▶ _Exercise instructions_
Your copy should match the listing below exactly, except that it holds no images.

▶ _Data segment_
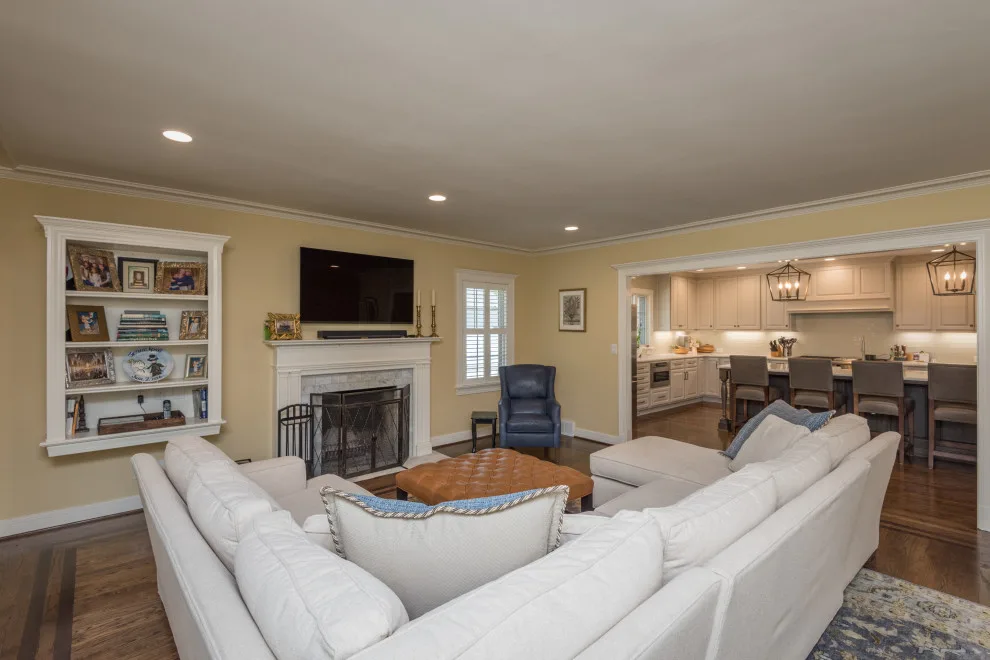 Bellewood - Ground Floor Renovation by Bailey Design + Build - Photo 11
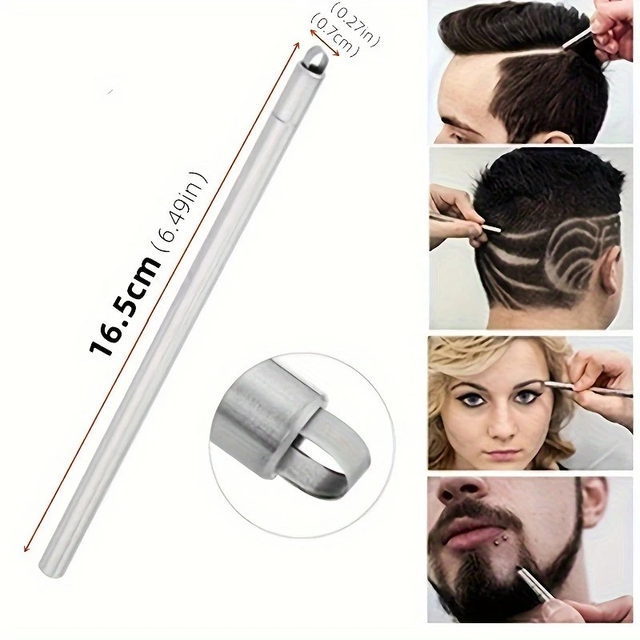 Hairdressing Sculpture Pen Magic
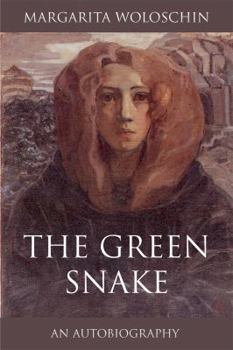 Paperback The Green Snake: An Autobiography Book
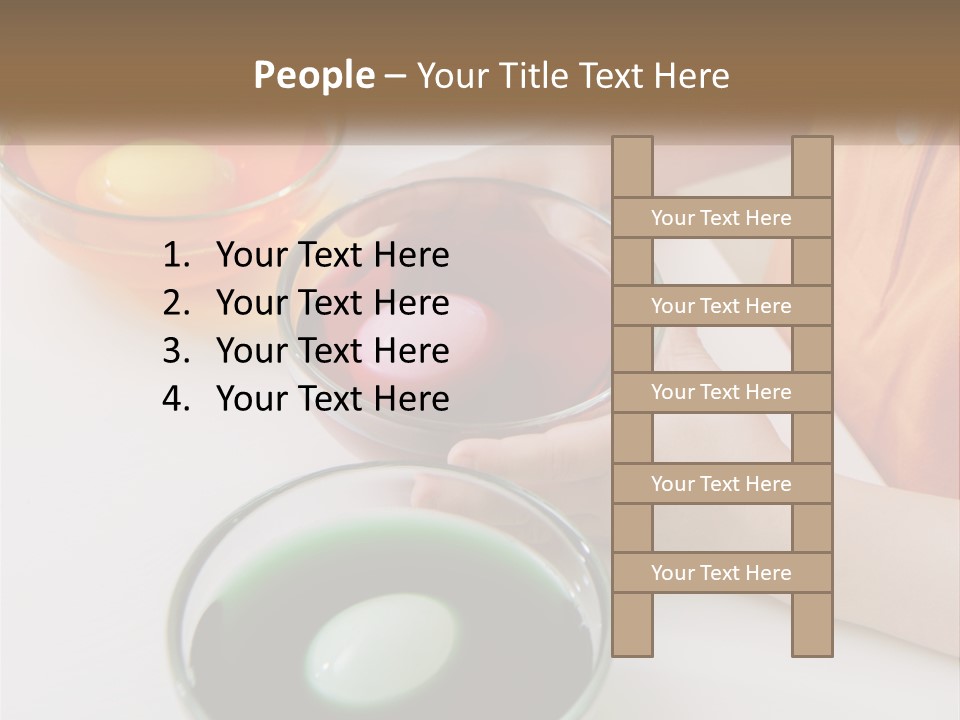 Power Part Electric PowerPoint Template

▶ _Task response_
 Bellewood - Ground Floor Renovation by Bailey Design + Build - Photo 11
 Hairdressing Sculpture Pen Magic
 Paperback The Green Snake: An Autobiography Book
 Power Part Electric PowerPoint Template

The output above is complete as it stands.